There was a big hullabaloo yesterday at CCSU. A student came to campus still dressed in his Halloween costume (snakes eyes from GI Joe) and it caused a big security scare and the campus was on lock down for 4 hours or so. Read the article here:
So what? So, I think everyone way overreacted and I’ve been trying to figure out why. I think I’ve boiled it down to a couple of points.
Since security became a top level priority (pick a historic event to attribute this to), we have been told to call the authorities at the first sign of anything. Don’t interact with the suspicious person or thing, just call security. See something, say something. That is what happened yesterday. Someone saw someone else walking through campus dressed all in black and with weapons and said something. I’m going to argue that ‘see something, say something’ is the wrong way to go.
I think that the suspicious person should be confronted. In this particular I see that going two ways. Let’s say the black-clad armed suspect is confronted by a passer-by with a “Hey dude, what’s the deal?”, or something similar. If the suspect had no bad intentions they would explain that they have a costume on, they don’t have other clothes, and are headed to their dorm to change. This could happen a few times as the suspect walk to his dorm, but more importantly the lockdown-search-danger scenario is avoided and people go about their merry business.
If the suspect has nefarious intentions he can do two things, attack the person confronting him or ignore him and go act out his evil plot. If he attacks the person confronting him, now everyone in sight or earshot is notified and the attackers plan is more or less ruined. There’s a good chance someone gets killed, possibly multiple. If he ignores the confront-er and carries out his plan, there is still a good chance that someone gets killed, but no one is aware until it’s right on top of them.
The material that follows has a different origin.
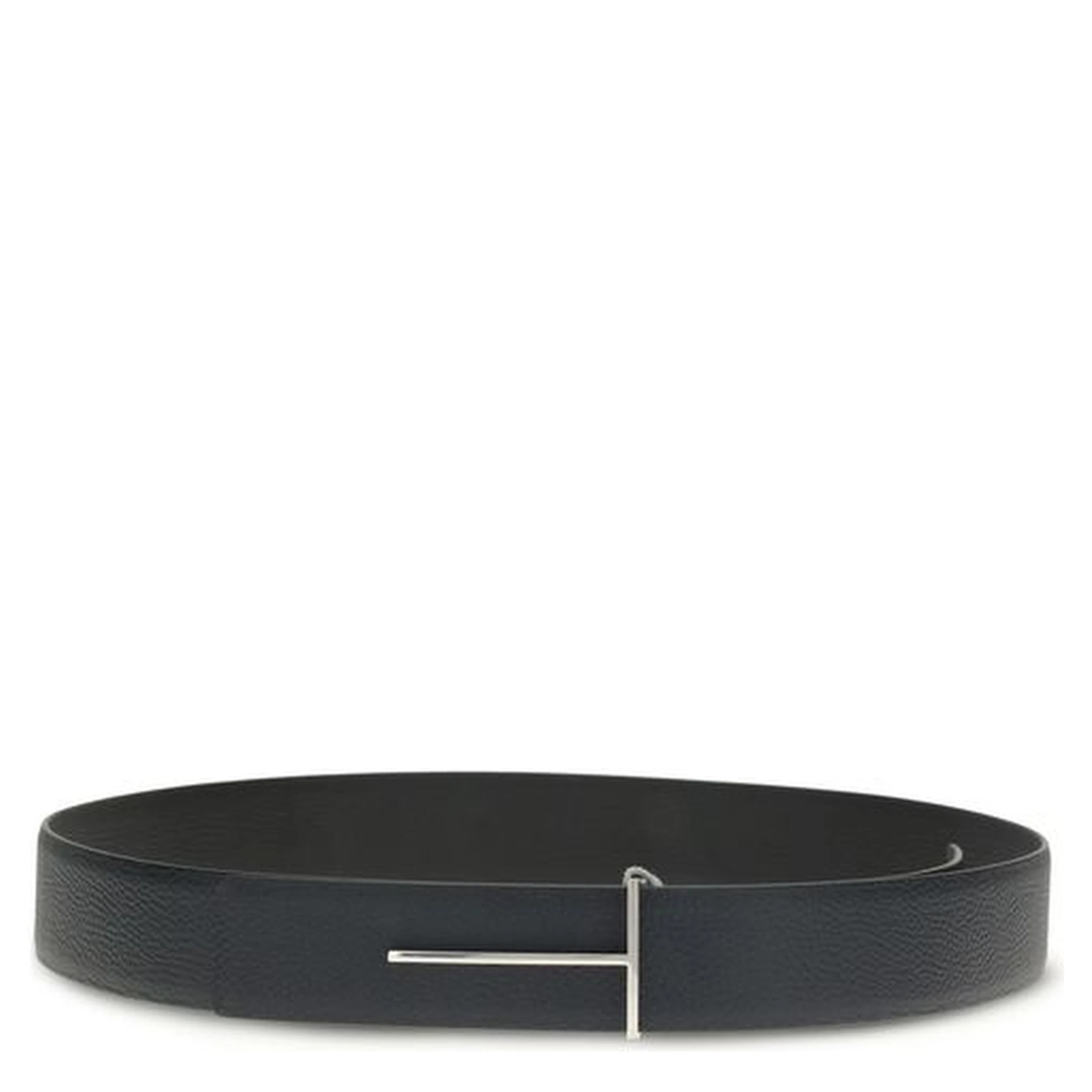 Blue Calf Leather Bos Taurus Regular Belt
In either case, if the suspect has bad intentions, something bad is going to happen. If the suspect doesn’t have bad intentions a big scene is avoided. The biggest factor seems to be the security of the questioning passer-by. In the bad situation, their life is unnecessarily put in danger.
I want to step back to the suspicious person being confronted. I believe, this makes it harder for a person with bad intentions to carry them out. A percentage of people are going to do bad things regardless of outside factors. But a larger percentage of people with bad intentions aren’t convinced that they’re going to complete what they think they’ve set out to do. If they are stopped by a stranger, I think they will be scared out of completing their plan.
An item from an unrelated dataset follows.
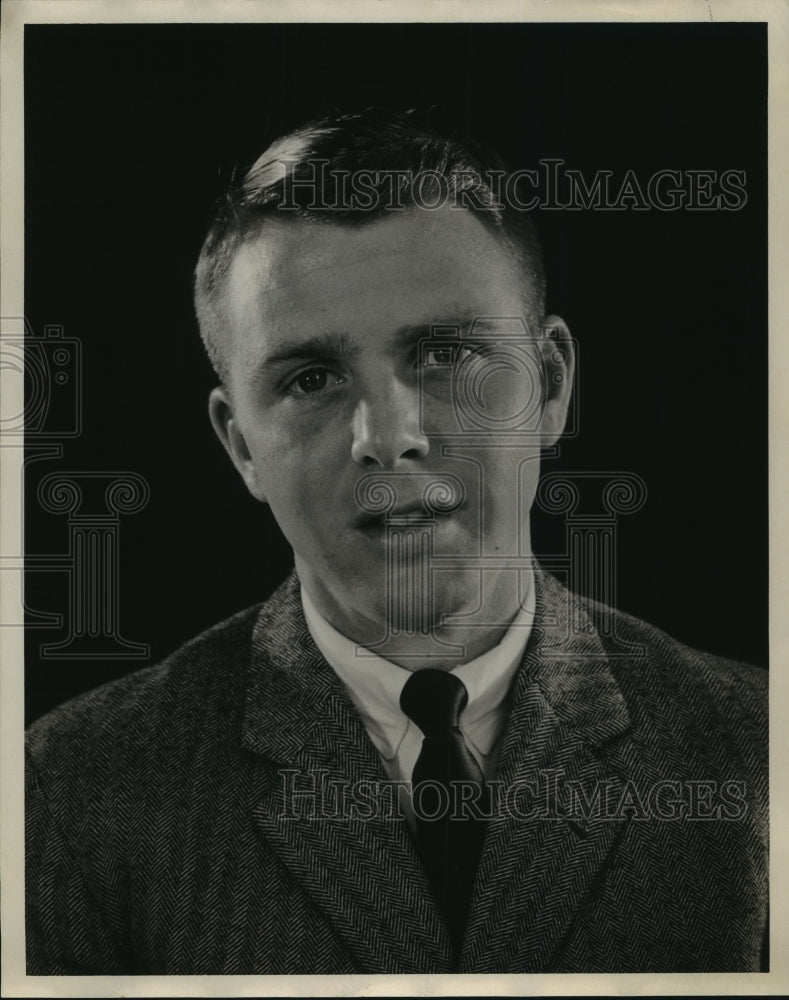 1946 Press Photo Billie Robertson of the United States Tennis team - sba15954-Historic Images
I’m not saying that we should always stop and interrogate each other, rather that we should be encouraged to talk to every/anyone instead of calling authorities and following them. A general attitude of ‘be nicer and talk to one another’ is a better deterrent against extreme behavior than a show of force.
On a different and less debated point, the media blew this way out of proportion. They are trying to be the first to report news so they report any trash that’s thrown at them. I happened to watch a live stream of a local news channel and it was disgraceful. They literally kept repeating information that they got from a student who was in Dunkin Donuts near by who overheard someone else in said D&D. How does a reporter feel good about themselves reporting like that?
They also asked anyone who would stand in front of a camera about their feelings on the CCSU situation and Sandy Hook almost a year ago. Seriously. The news had zero proof that anything had happened and they were asking someone who “woke up at noon” how this compared to the tragedy last December. Utterly disgusting.